- **WORK TO COMPLETE**
Find the line with "Green Ibis (Mesembrinibis" in the data below. Repeat it and every line after it exactly, but not the pictures.

- **STORED DATA**
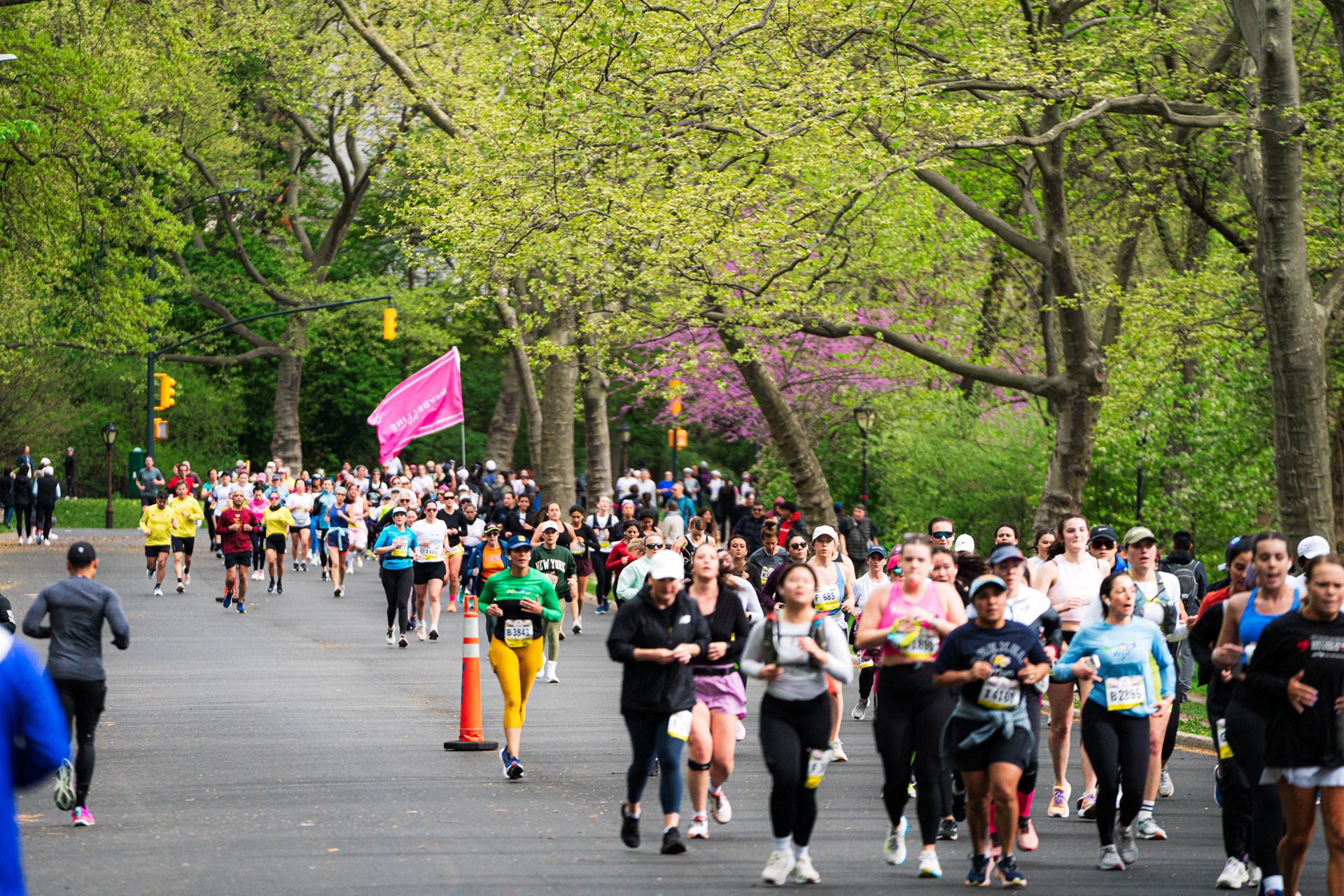 Runners at the Maybelline Women's Half in Central Park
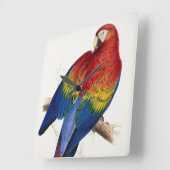 Tropische Parrot-Uhr Quadratische Wanduhr (Winkel)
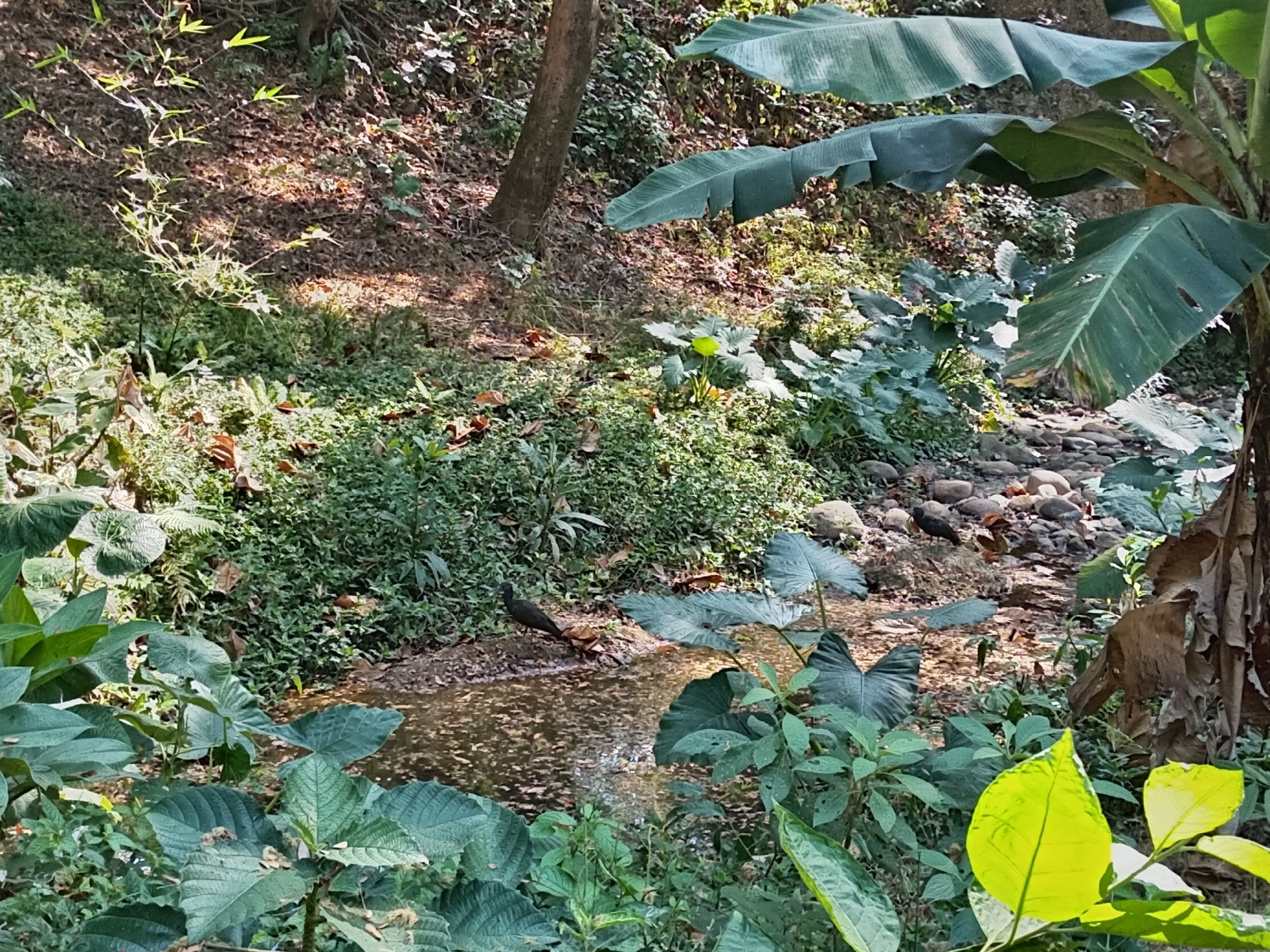 Green Ibis (Mesembrinibis cayennensis), photo 7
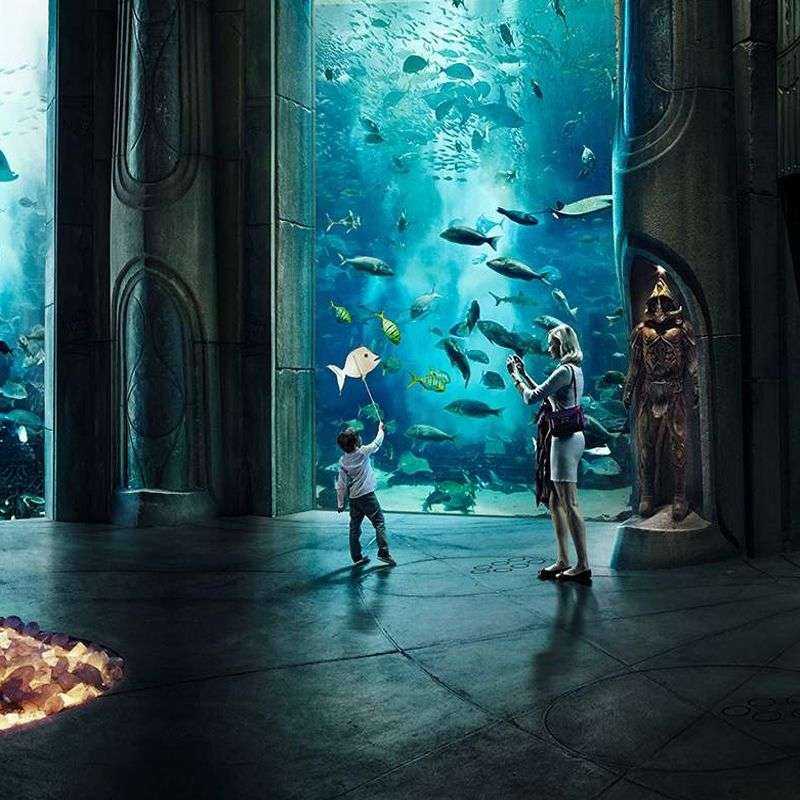 Aquaventure Dubai Aquaventure Dubai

- **TASK RESPONSE**
 Green Ibis (Mesembrinibis cayennensis), photo 7
 Aquaventure Dubai Aquaventure Dubai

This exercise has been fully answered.